This year, the number of influenza cases is significantly lower compared to previous seasons, and notably, has the lowest hospitalization rate for flu since the CDC started tracking this statistic in 2005. When thinking about this drastic decrease, one wonders why this might be happening? It could be related to public health protocols, including social distancing, attention to hygiene/hand washing, limited public gatherings, and mask-wearing that have been strictly enforced since the rise of coronavirus cases in the Spring of 2020. Since influenza is a respiratory virus spread by aerosolized particles, it also makes sense that influenza cases have decreased in nursing homes due to limiting access from outside visitors, increased use of personal protective equipment (PPE), and enhanced infection control policies. While all these precautions play a role in reducing this season’s flu cases, the reduction might also be due to a phenomenon called “viral interference.”1
In September 2009, the H1N1 swine flu suddenly appeared in the UK, Portugal, and Spain, leading to a neighboring country, France, to brace itself for impact of infections.

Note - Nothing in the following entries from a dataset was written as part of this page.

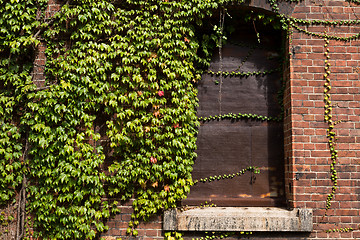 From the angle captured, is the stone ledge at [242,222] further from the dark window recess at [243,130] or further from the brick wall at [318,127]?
the dark window recess at [243,130]

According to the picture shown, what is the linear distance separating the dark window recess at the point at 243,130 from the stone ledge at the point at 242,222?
1.36ft

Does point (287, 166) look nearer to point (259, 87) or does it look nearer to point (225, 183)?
point (225, 183)

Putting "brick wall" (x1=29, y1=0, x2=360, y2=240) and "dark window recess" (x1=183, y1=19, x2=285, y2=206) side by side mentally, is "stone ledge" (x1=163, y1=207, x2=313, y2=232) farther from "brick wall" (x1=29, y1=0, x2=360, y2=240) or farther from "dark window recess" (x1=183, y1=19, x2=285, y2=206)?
"dark window recess" (x1=183, y1=19, x2=285, y2=206)

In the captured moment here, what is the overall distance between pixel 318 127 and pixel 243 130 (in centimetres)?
97

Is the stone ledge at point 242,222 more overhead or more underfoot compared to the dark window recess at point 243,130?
more underfoot

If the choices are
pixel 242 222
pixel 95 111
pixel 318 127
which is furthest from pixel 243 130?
pixel 95 111

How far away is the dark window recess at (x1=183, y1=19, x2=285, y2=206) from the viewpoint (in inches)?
170

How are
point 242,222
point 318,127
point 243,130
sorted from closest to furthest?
point 242,222, point 318,127, point 243,130

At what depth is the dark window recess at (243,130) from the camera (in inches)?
170

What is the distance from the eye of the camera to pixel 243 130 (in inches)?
174

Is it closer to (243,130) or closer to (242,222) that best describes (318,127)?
(243,130)

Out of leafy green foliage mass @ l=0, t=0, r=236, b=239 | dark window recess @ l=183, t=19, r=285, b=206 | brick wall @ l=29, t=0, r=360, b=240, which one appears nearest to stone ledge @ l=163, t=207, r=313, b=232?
brick wall @ l=29, t=0, r=360, b=240

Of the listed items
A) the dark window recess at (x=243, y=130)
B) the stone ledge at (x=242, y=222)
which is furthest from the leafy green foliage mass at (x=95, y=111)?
the dark window recess at (x=243, y=130)

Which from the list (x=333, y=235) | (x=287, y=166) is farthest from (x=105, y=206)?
(x=333, y=235) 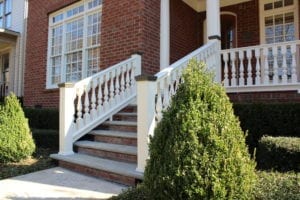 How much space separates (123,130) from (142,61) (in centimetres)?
183

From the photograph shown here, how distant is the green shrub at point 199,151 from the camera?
8.71 ft

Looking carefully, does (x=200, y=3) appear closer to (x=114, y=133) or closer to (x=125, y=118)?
(x=125, y=118)

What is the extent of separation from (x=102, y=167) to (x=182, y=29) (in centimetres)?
520

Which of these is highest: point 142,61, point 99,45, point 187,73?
point 99,45

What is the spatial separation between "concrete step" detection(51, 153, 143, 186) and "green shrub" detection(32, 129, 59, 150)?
1431 mm

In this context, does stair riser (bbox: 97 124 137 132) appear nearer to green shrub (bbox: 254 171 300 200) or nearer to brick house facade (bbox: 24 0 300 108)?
brick house facade (bbox: 24 0 300 108)

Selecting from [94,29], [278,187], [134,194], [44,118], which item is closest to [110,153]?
[134,194]

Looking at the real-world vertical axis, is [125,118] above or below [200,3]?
below

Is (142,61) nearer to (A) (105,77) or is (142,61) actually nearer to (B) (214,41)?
(A) (105,77)

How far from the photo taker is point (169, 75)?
492 cm

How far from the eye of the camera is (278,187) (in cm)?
331

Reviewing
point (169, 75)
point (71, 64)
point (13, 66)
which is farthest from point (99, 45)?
point (13, 66)

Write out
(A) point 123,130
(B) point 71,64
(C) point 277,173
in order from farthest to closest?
(B) point 71,64
(A) point 123,130
(C) point 277,173

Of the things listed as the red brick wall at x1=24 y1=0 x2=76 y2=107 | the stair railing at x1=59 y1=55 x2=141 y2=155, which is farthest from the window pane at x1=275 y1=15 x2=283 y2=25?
the red brick wall at x1=24 y1=0 x2=76 y2=107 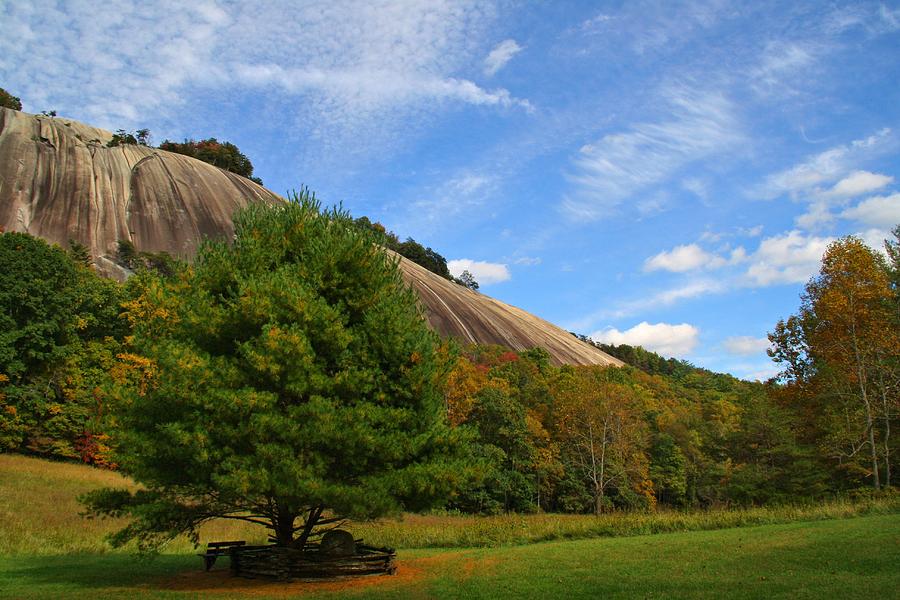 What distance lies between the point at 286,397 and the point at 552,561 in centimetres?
758

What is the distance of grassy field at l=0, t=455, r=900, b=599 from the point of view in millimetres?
11414

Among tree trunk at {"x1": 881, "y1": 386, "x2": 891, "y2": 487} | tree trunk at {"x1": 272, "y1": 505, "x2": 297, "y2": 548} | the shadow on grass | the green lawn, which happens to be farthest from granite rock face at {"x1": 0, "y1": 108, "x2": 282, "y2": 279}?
tree trunk at {"x1": 881, "y1": 386, "x2": 891, "y2": 487}

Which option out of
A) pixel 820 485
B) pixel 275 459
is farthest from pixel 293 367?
pixel 820 485

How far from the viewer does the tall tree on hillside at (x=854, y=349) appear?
29531 mm

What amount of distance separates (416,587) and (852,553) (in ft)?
29.0

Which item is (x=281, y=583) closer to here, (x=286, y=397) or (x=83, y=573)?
(x=286, y=397)

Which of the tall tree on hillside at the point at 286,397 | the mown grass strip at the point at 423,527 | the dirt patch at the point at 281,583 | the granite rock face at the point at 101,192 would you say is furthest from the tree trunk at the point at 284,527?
the granite rock face at the point at 101,192

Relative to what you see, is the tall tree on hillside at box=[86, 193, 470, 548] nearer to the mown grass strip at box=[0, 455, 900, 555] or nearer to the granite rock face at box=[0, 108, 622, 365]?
the mown grass strip at box=[0, 455, 900, 555]

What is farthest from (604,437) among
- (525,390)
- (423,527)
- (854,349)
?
(423,527)

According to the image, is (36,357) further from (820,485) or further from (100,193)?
(820,485)

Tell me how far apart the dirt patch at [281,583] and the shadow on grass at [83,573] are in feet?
2.33

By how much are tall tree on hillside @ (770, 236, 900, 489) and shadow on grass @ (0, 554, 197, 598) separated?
28.3 metres

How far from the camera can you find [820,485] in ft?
99.3

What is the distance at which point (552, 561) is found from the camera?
15.6 meters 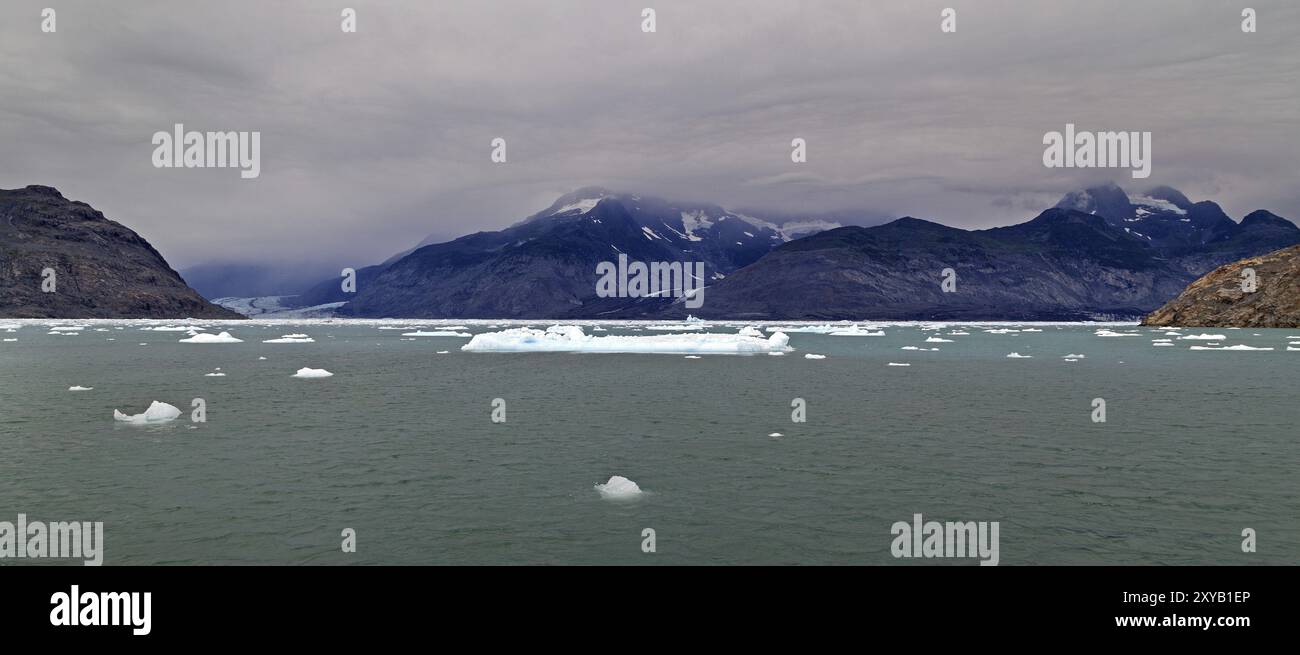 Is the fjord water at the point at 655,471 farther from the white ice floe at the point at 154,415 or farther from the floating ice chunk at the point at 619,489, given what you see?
the white ice floe at the point at 154,415

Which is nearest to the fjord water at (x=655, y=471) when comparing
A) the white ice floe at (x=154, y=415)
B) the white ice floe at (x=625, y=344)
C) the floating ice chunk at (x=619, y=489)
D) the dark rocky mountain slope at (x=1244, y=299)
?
the floating ice chunk at (x=619, y=489)

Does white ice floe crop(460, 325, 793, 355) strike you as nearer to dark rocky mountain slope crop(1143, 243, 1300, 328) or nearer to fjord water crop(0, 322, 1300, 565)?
fjord water crop(0, 322, 1300, 565)

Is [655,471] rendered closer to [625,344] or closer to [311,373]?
[311,373]

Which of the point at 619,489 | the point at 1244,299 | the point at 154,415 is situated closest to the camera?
the point at 619,489

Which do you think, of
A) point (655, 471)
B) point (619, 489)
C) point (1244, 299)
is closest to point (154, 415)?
point (655, 471)

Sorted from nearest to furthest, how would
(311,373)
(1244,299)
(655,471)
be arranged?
(655,471), (311,373), (1244,299)

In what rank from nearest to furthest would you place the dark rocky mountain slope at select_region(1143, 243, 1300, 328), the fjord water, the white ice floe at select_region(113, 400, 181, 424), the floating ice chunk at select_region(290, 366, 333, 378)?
the fjord water → the white ice floe at select_region(113, 400, 181, 424) → the floating ice chunk at select_region(290, 366, 333, 378) → the dark rocky mountain slope at select_region(1143, 243, 1300, 328)

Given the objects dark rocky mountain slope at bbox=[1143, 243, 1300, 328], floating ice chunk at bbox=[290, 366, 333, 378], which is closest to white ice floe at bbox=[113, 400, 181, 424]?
floating ice chunk at bbox=[290, 366, 333, 378] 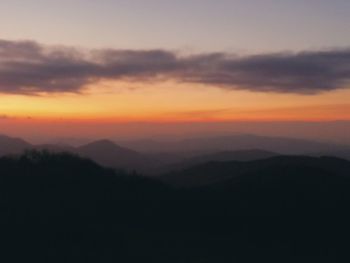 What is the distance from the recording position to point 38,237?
163 feet

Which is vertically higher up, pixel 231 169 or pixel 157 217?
pixel 157 217

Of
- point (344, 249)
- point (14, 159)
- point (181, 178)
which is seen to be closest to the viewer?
point (344, 249)

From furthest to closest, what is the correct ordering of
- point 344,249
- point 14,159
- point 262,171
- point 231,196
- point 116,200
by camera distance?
point 262,171
point 231,196
point 14,159
point 116,200
point 344,249

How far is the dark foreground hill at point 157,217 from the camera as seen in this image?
49.6m

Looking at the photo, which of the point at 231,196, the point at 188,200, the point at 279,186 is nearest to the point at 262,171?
the point at 279,186

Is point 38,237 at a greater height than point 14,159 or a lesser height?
lesser

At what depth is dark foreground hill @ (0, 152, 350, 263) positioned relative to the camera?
4956 centimetres

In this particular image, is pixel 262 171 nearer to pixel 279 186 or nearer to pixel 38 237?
pixel 279 186

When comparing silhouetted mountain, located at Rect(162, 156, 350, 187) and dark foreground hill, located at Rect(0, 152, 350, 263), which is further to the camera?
silhouetted mountain, located at Rect(162, 156, 350, 187)

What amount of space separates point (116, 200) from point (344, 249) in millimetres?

This was unusual because these countries typically did not begin to see influenza activity this early in the calendar year1. Following this, healthcare professionals throughout France noticed an increase in the spread of seasonal respiratory-related illnesses. Strangely, there were very few positive H1N1 tests being reported. It was not until a few months later that France saw positive cases of H1N1- so why was this? Some scientists believed that the rapid swine flu spread was averted by rhinovirus, one of the common cold viruses.1 As common cold cases started to dwindle, the pandemic flu surged. Subsequent discussions among scientists have suggested that this “viral interference” likely reduces becoming ill from another virus concurrently.2
Years later, scientists are still investigating the causes and repercussions of viral interference. Dr. Ellen Foxman and colleagues at Yale School of Medicine published a paper this past year suggesting that once the body activates the innate immune system on exposure to a pathogen, it can then repel another viral invader. Foxman modeled the study around the 2009 swine flu (H1N1) pandemic by infecting the apical surface of cultured human epithelial airway tissues; one with rhinovirus and another with H1N1.3 Foxman then exposed the infected rhinovirus tissue to H1N1 three days later, using reverse-transcription quantitative PCR testing.3 The researchers were surprised to observe H1N1 “fizzle out.” To formally test if the previous exposure to rhinovirus inhibited H1N1 from manifesting, the researchers then treated the tissue with BX795, a laboratory reagent, to block the naturally occurring interferons which are produced in response to viral replication. Just like that, the flu virus grew perfectly.3 The investigators concluded that the interferons produced by the body to fight rhinovirus were essentially also blocking the flu from manifesting within the patient’s immune system.3
Today, the COVID-19 pandemic mirrors some of the characteristics of viral interference in the H1N1 pandemic. The novel coronavirus emerged late in the 2019-2020 flu season, which could explain why we did not see a drastic decrease in the number of flu cases reported. On the contrary, coronavirus has consistently dominated viral activity, both leading up to and throughout the current flu season. Has this led to an evasion of influenza activity like that which occurred in 2009 with swine flu and rhinovirus?
There is no confirmation that viral interference is the reason behind this uneventful flu season, however, it does provoke an interesting hypothesis that could lead us to a better understanding of viral transmission and future treatment/prophylaxis.